What is expected ->
Only the text of the entries below should be returned, exactly as given, without pictures.

---------- Study material

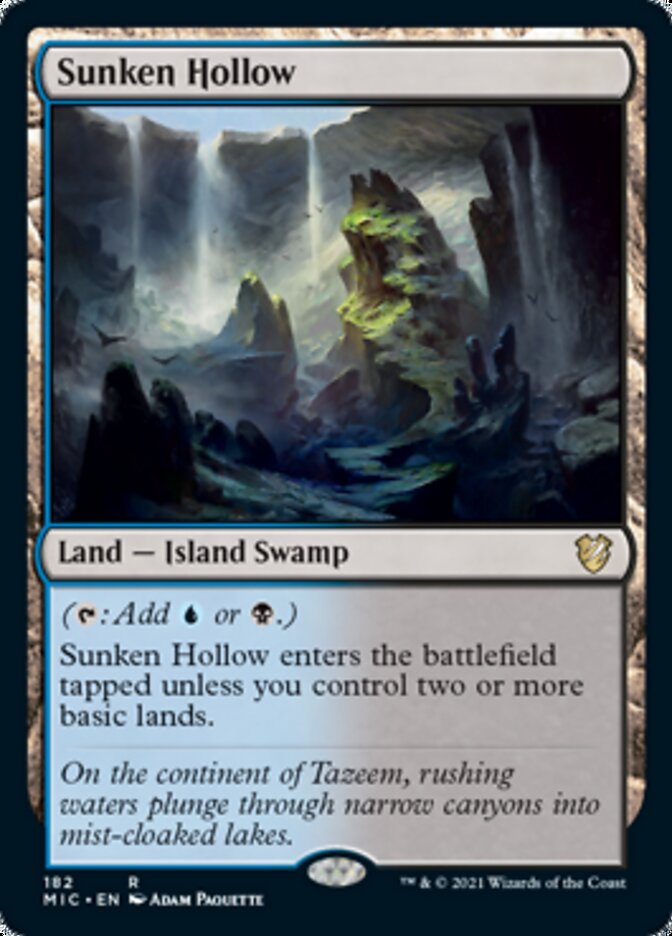 Sunken Hollow [Innistrad: Midnight Hunt Commander] | Fandemonia Ltd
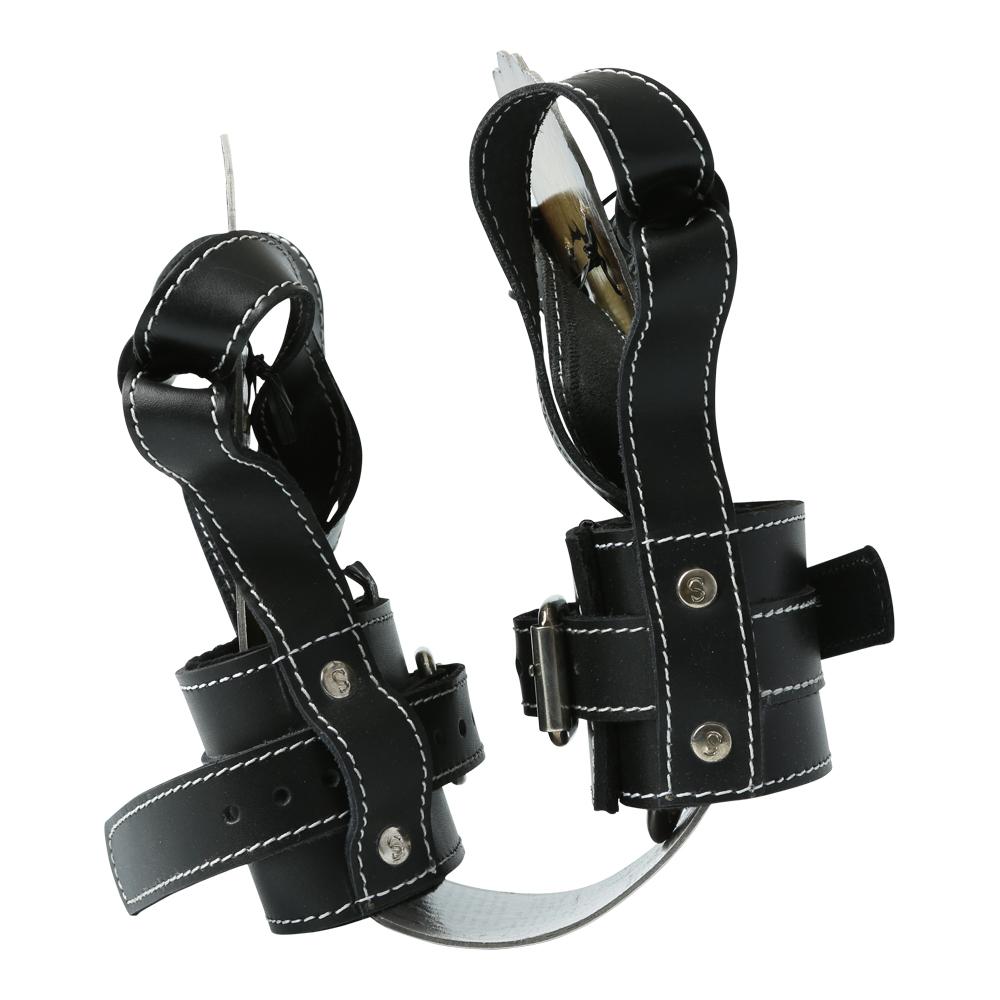EDGE LEATHER HAND GRIP WRIST CUFFS - Image 4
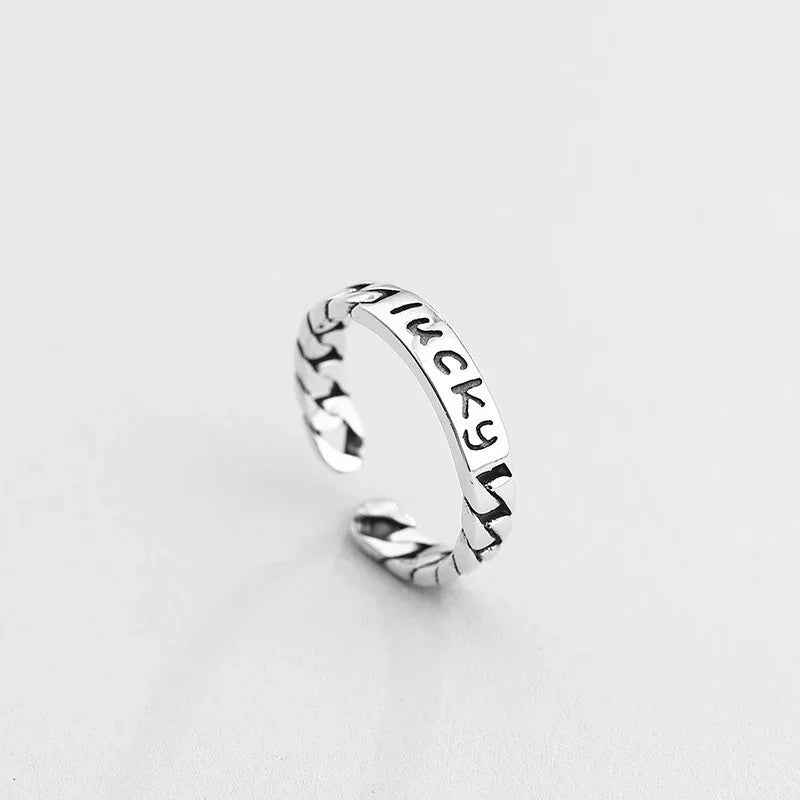 Simple Stacking Combination Ring Female 925 Sterling Silver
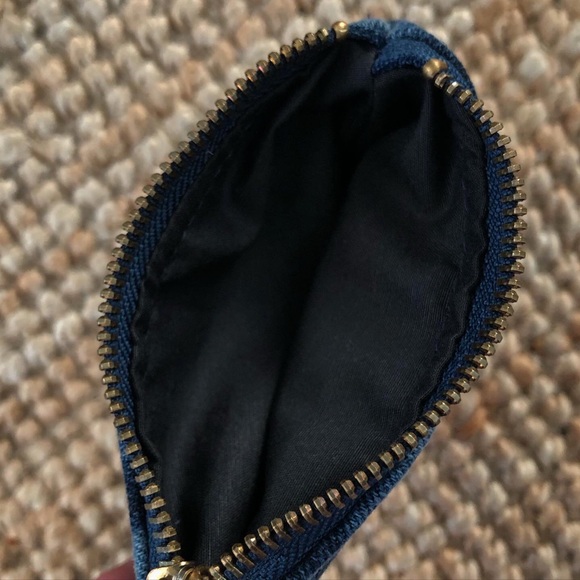 Handmade Levi’s bleached denim coin purse - Picture 3 of 3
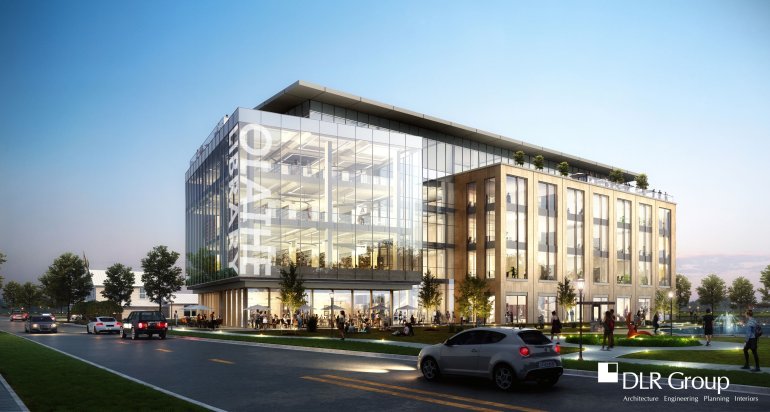 Picture of downtown library building rendering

--------------------

Written reply ->
 Sunken Hollow [Innistrad: Midnight Hunt Commander] | Fandemonia Ltd
EDGE LEATHER HAND GRIP WRIST CUFFS - Image 4
 Simple Stacking Combination Ring Female 925 Sterling Silver
 Handmade Levi’s bleached denim coin purse - Picture 3 of 3
 Picture of downtown library building rendering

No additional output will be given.